## Activity
Your reply should set down word for word each line below from the one with "Cambodia Elephant Sanctuary" through the final line, both included, but none of the pictures.

----- Exercise data

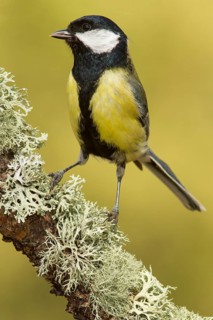 Great Tit (Parus major), perched on a branch, Galicia, Spain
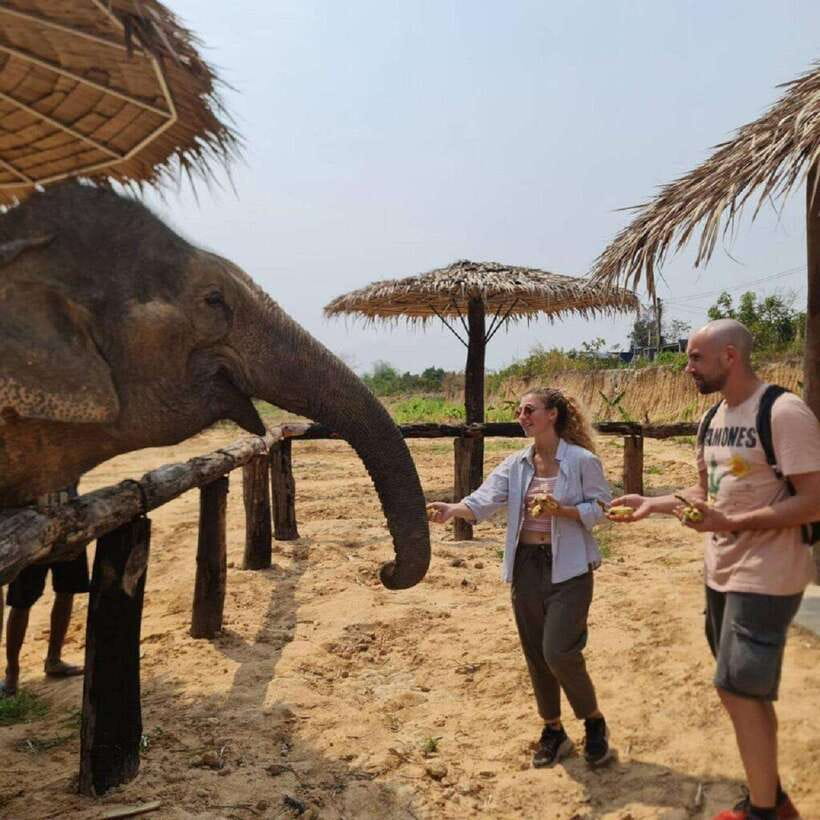 Cambodia Elephant Sanctuary and Banteay Srey Temple Tour - Is $71 a fair price?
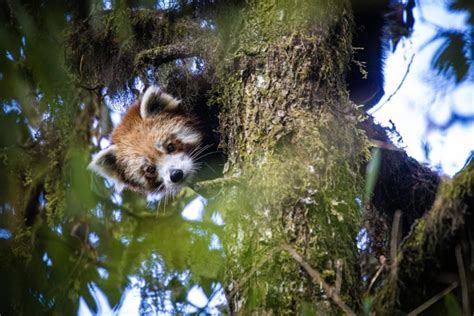 Press Release: Tiger Photographed for First Time In Nepal’s Red Panda ...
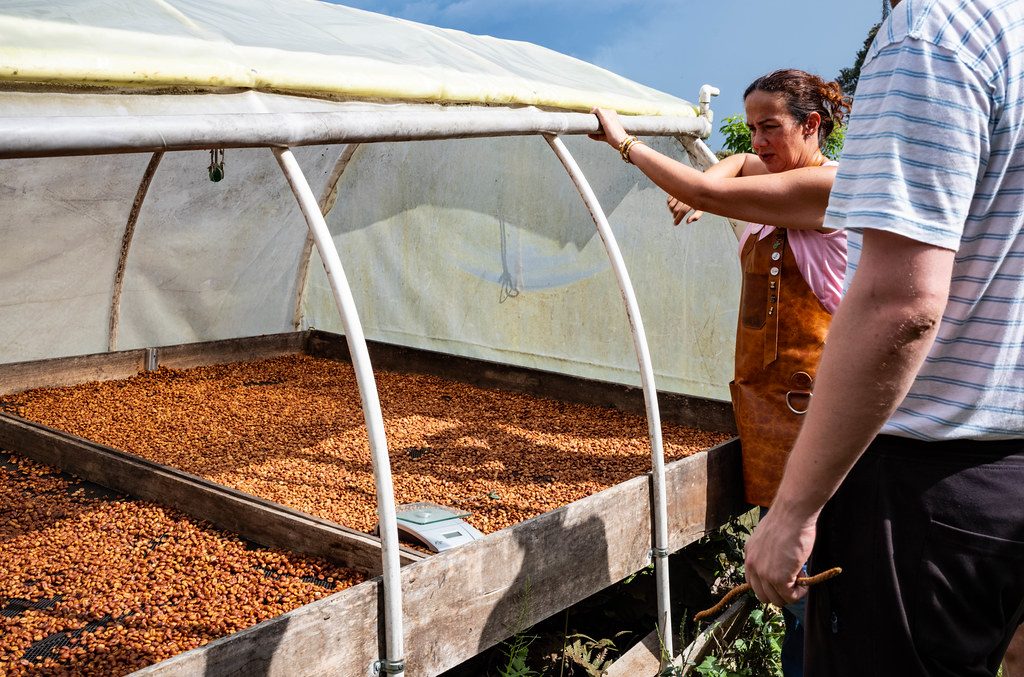 Colombian Coffee, Finca Don Manolo, Pereira, Colombia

----------

## Output of the exercise
 Cambodia Elephant Sanctuary and Banteay Srey Temple Tour - Is $71 a fair price?
 Press Release: Tiger Photographed for First Time In Nepal’s Red Panda ...
 Colombian Coffee, Finca Don Manolo, Pereira, Colombia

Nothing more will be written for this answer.